[PROVIDED DATA]
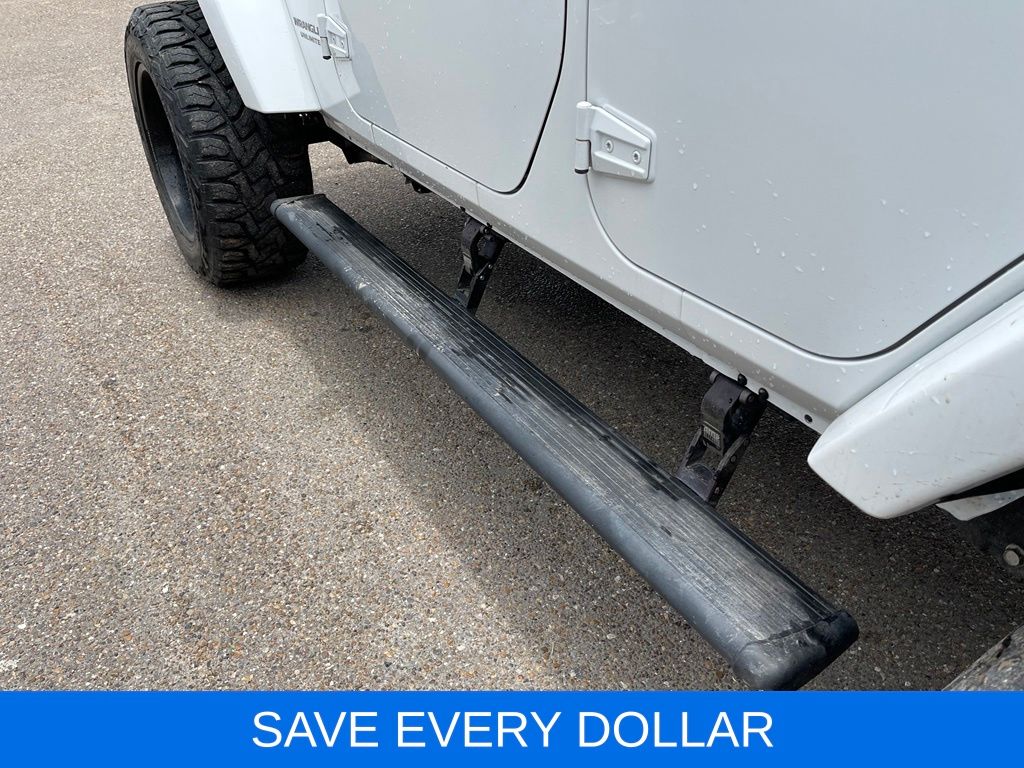 Used 2016 White/off-white Jeep Unlimited Rubicon image 19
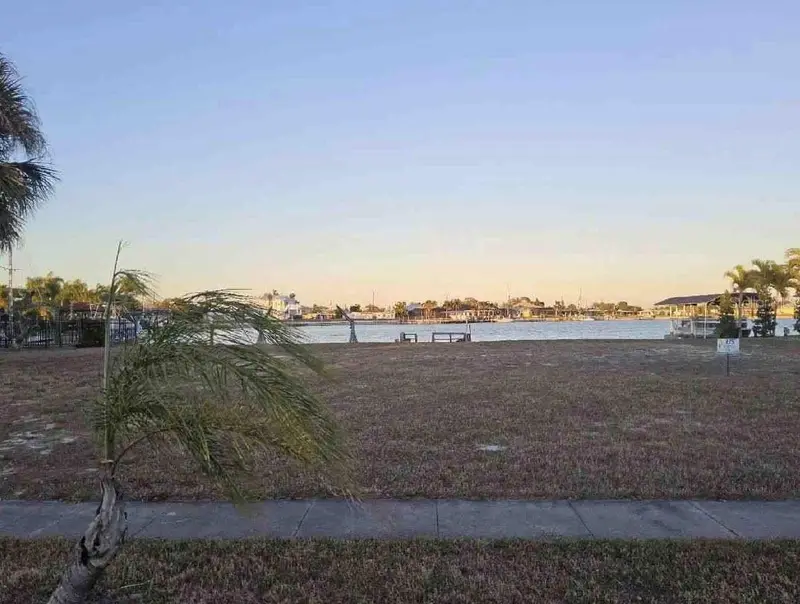 164 Morgan Ln Se, FL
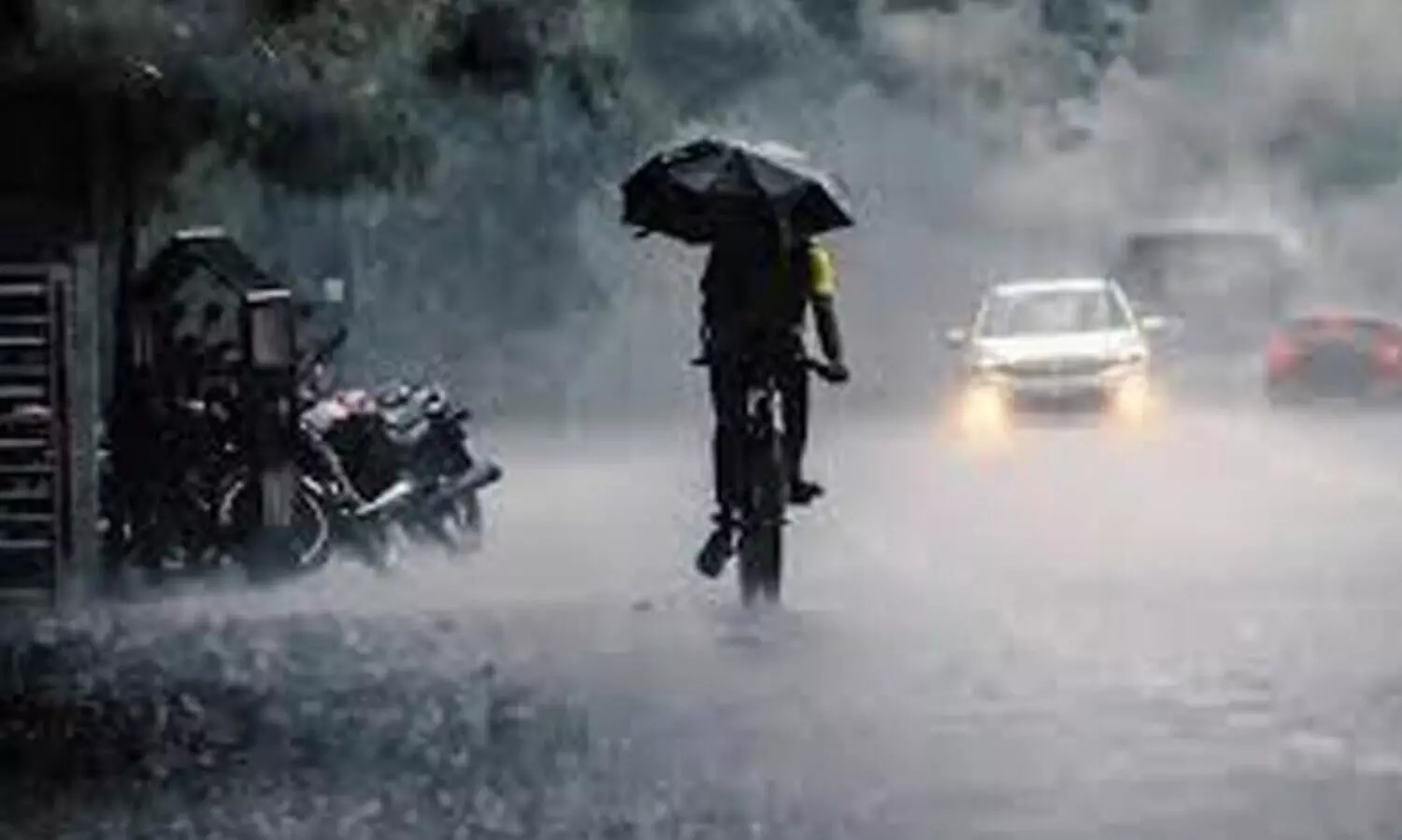 അതിശക്തമായ മഴക്ക് സാധ്യത, വയനാട് ഉൾപ്പെടെ നാലു ജില്ലകളിൽ ഓറഞ്ച് അലർട്ട്; കേരളത്തിൽ മഴ മുന്നറിയിപ്പിൽ മാറ്റം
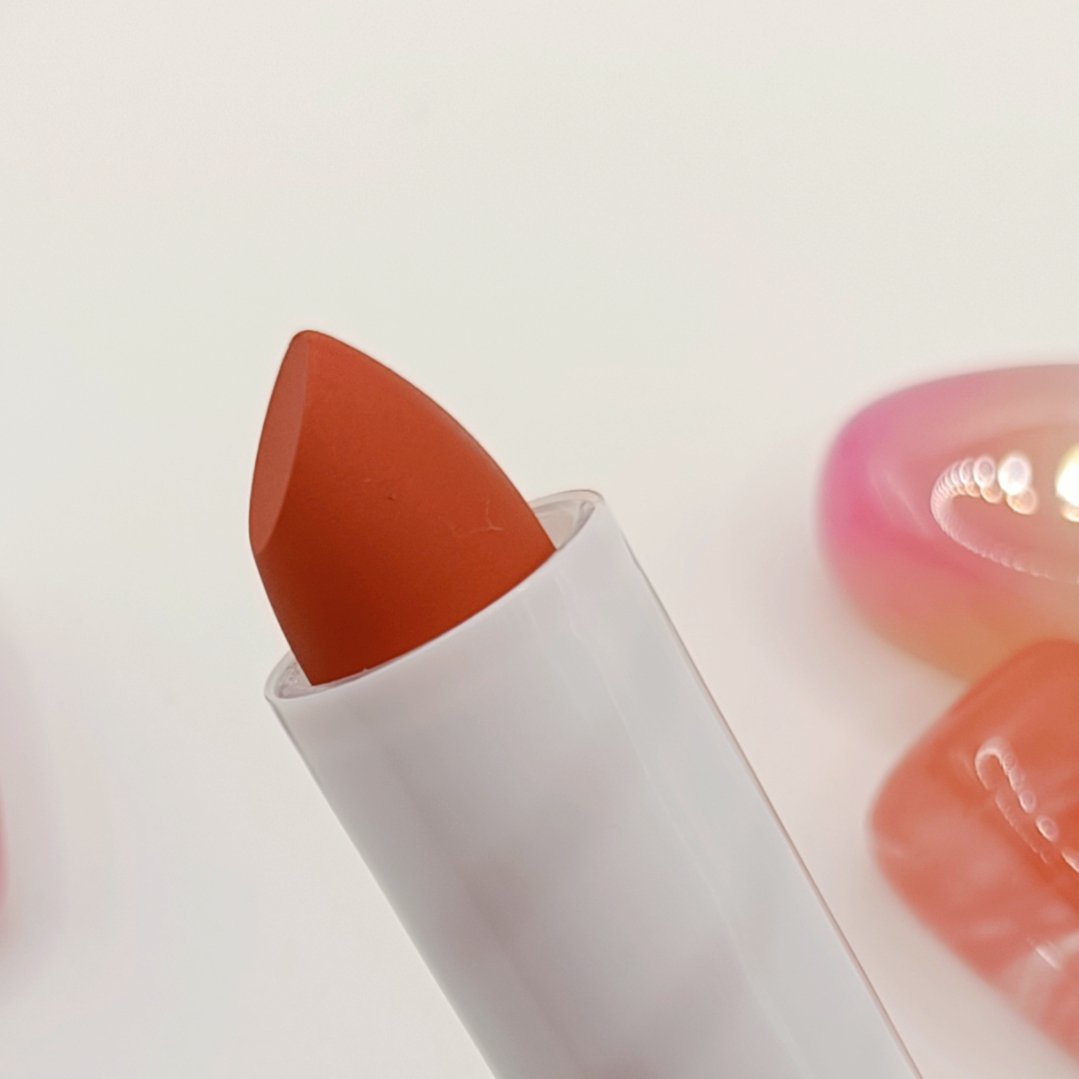 S2ND エンドルージュコベットのクチコミ「#提供
S2ND
エンドルージュコベット
#4レッドコーラル


ふんわりと滑らかなテクスチャ.....」（2枚目）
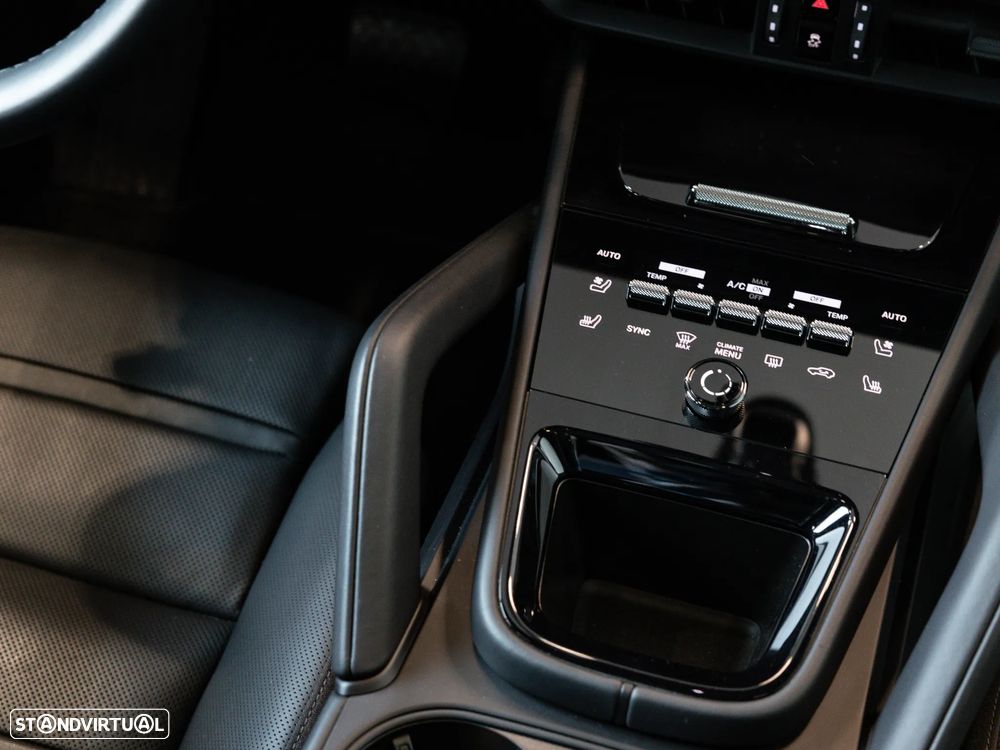 Porsche Cayenne Coupé E-Hybrid - 33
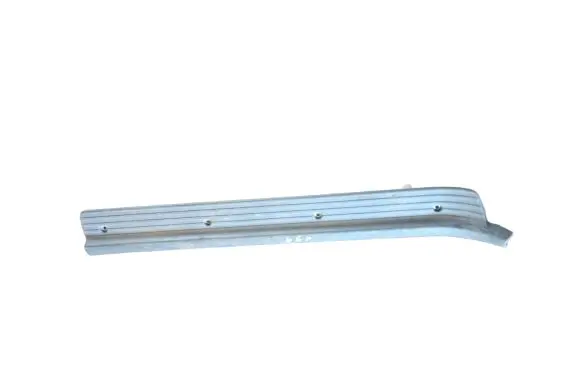Toyota Land Cruiser (HDJ90) Rear sill trim cover 6791360030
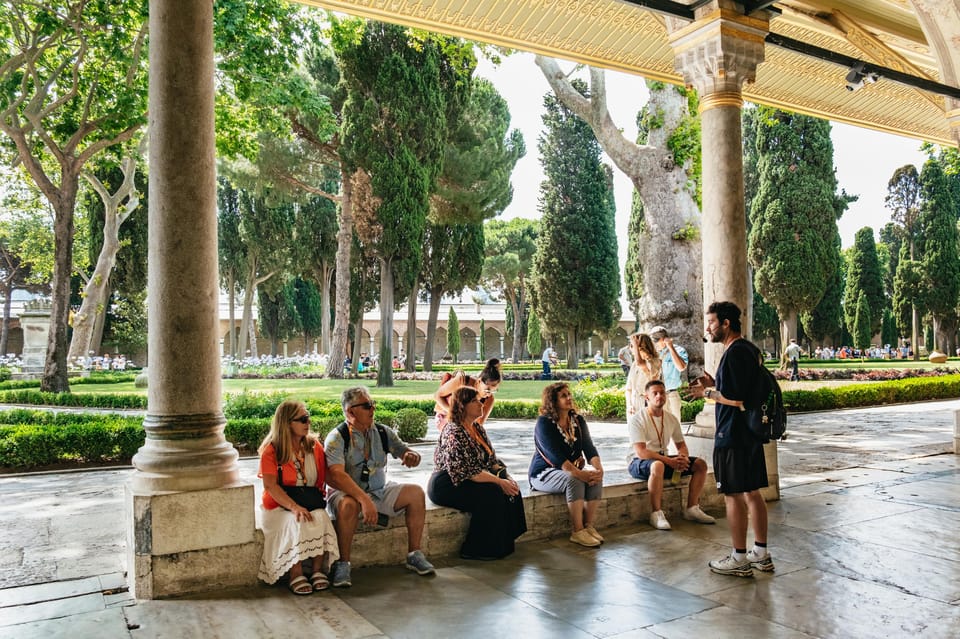 Istanbul: Topkapi Palace and Harem Guided Tour with Ticket - Golden Horn terraces, then toward sacred relics and imperial kitchens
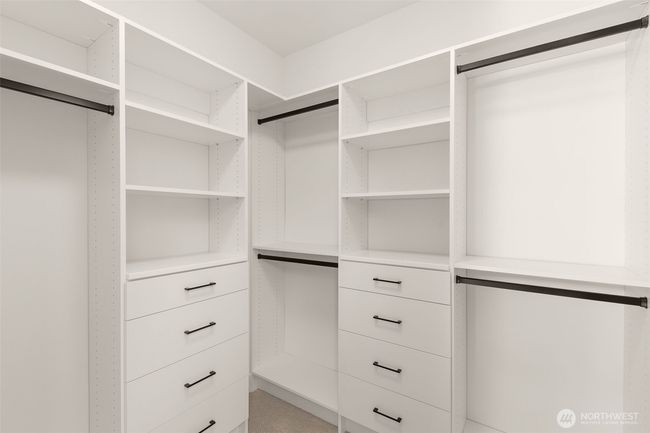12837 Ne 91 St St, House other with 2 bedrooms, 3 bathrooms and null parking in Kirkland WA | Image 27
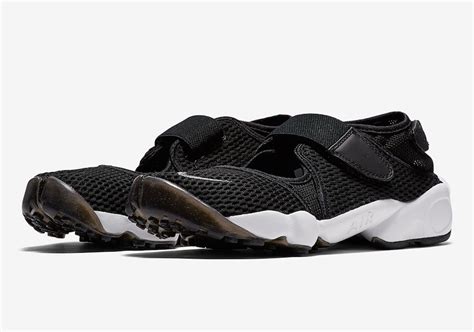 nike air rift zwart|nike air rift release date.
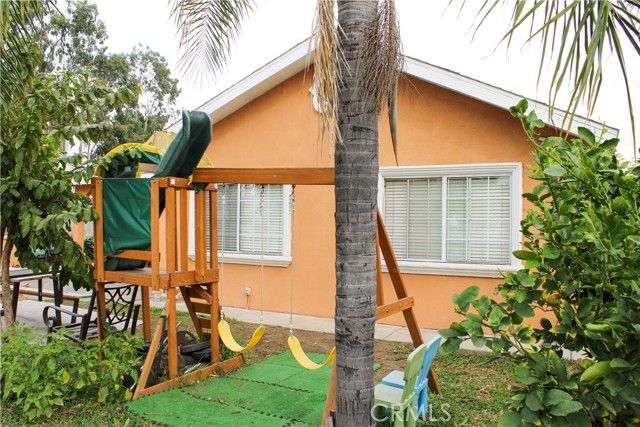 9654 Laurel Canyon, Arleta (los Angeles), CA 91331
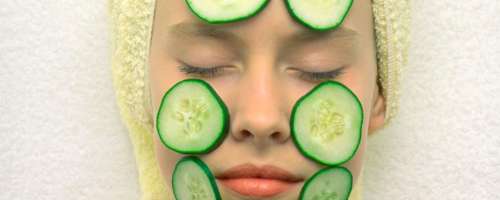 Osvežilni kumarični gel, zaradi katerega vam bo vaša koža hvaležna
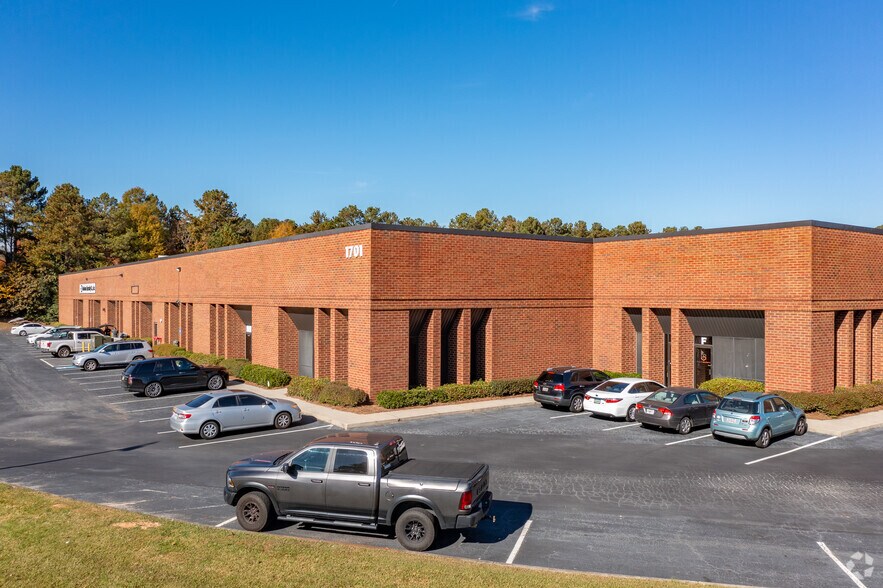 1701 Oakbrook Dr, Norcross, GA à louer - Photo du bâtiment - Image 2 de 7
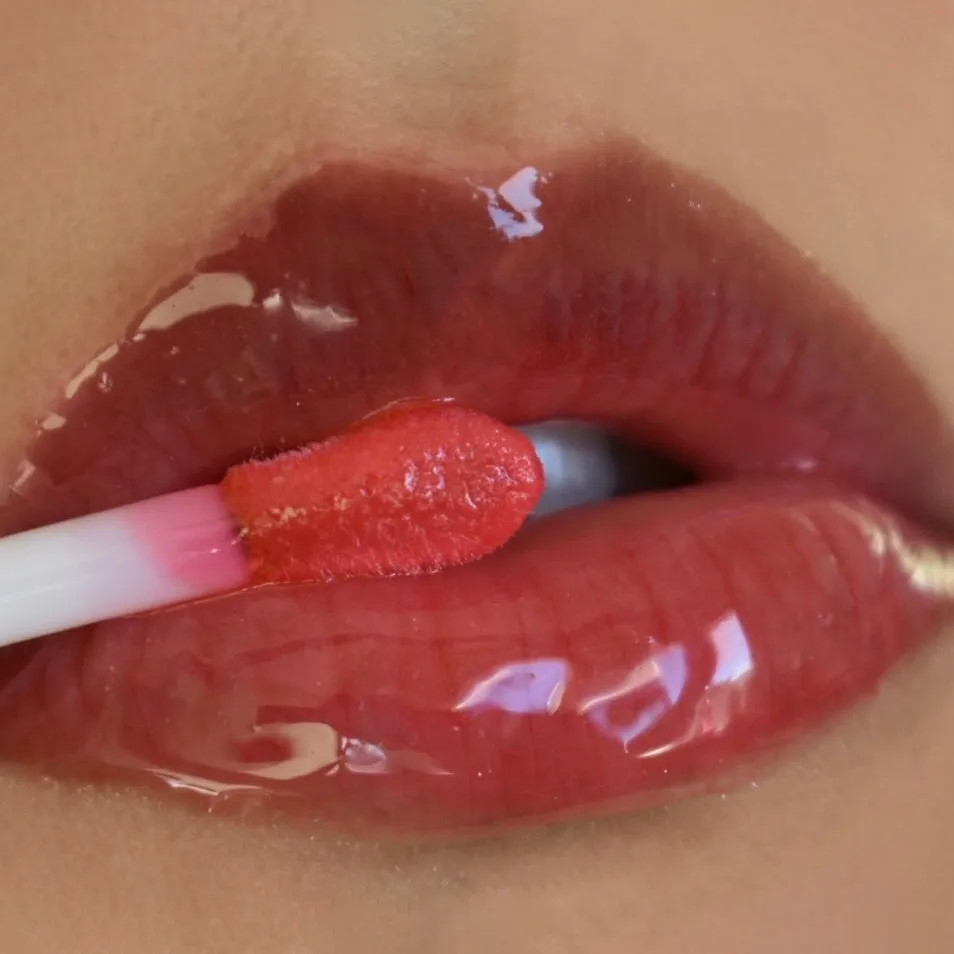 Glow Getter Hydrating Lip Oil (008, Juicy Red)
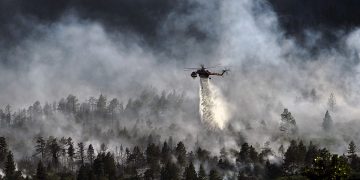 helicopter dropping water 595422 960 720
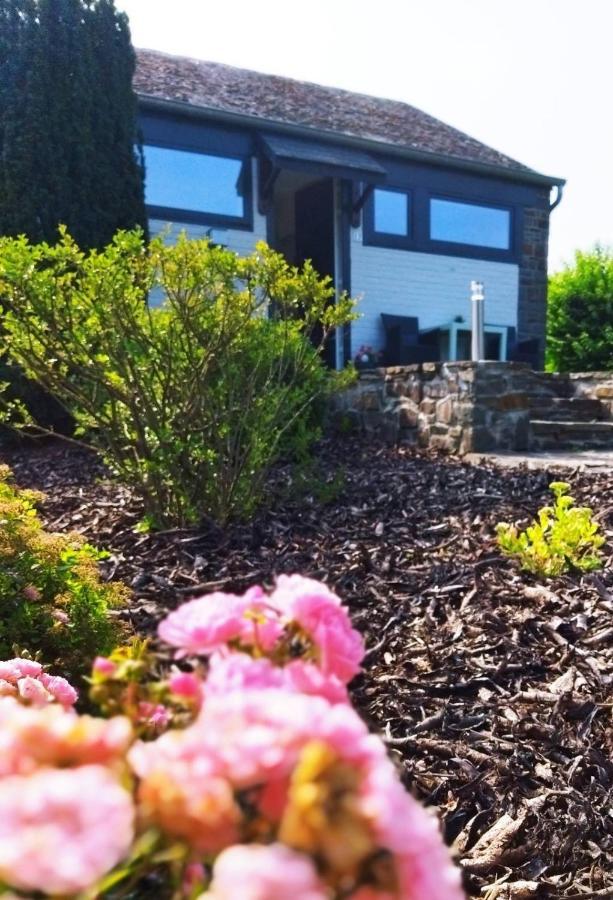 Le Clos Des 3 - Vacances Avec Vue En Ardennes A 5 Kilometres De La Roche - Maison De 90 M2 Avec Chambres - Avec Magnifique Jardin Rendeux Exterior foto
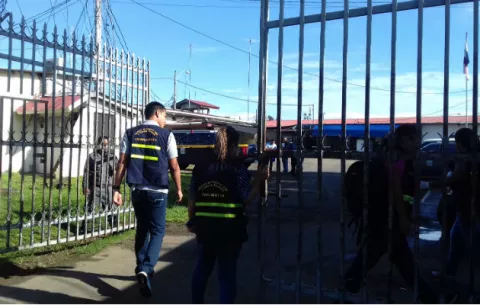 Investigan muerte de reo en la cárcel pública de David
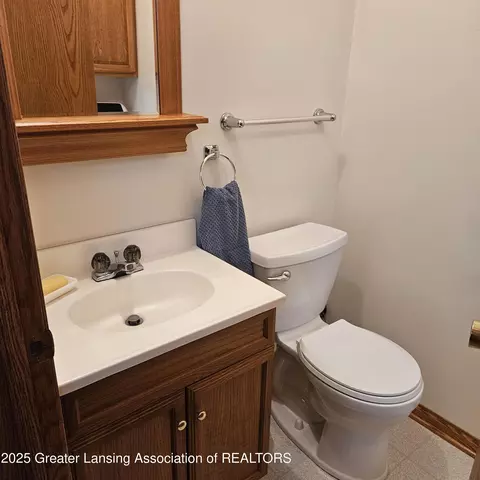 605 Beech St, Charlotte, MI 48813 photo 26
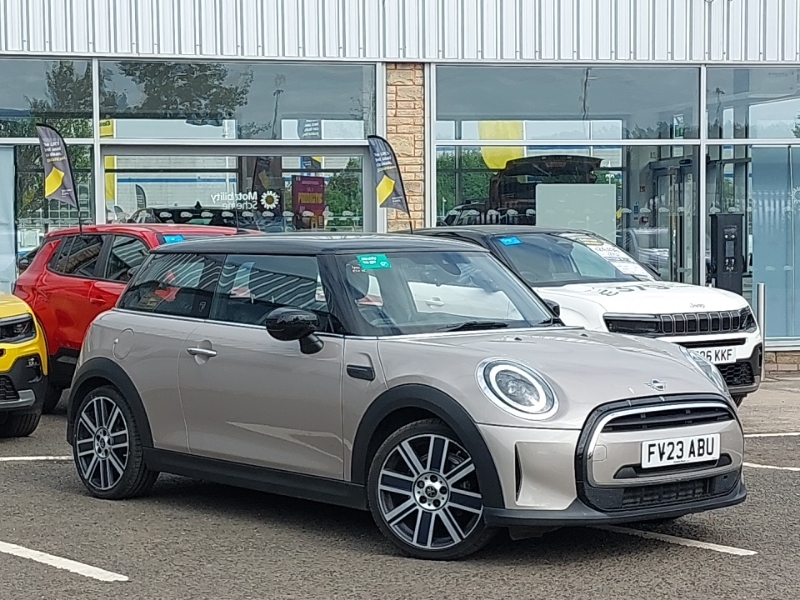 Mini Hatch 1.5 Cooper Exclusive Premium Grey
[/PROVIDED DATA]
WORK TO BE COMPLETED
Please repeat exactly the lines from the one containing "9654 Laurel Canyon, Arleta" through the end of the entries, both included, omitting pictures.

ANSWER TO THE EXERCISE
 9654 Laurel Canyon, Arleta (los Angeles), CA 91331
 Osvežilni kumarični gel, zaradi katerega vam bo vaša koža hvaležna
 1701 Oakbrook Dr, Norcross, GA à louer - Photo du bâtiment - Image 2 de 7
 Glow Getter Hydrating Lip Oil (008, Juicy Red)
 helicopter dropping water 595422 960 720
 Le Clos Des 3 - Vacances Avec Vue En Ardennes A 5 Kilometres De La Roche - Maison De 90 M2 Avec Chambres - Avec Magnifique Jardin Rendeux Exterior foto
 Investigan muerte de reo en la cárcel pública de David
 605 Beech St, Charlotte, MI 48813 photo 26
 Mini Hatch 1.5 Cooper Exclusive Premium Grey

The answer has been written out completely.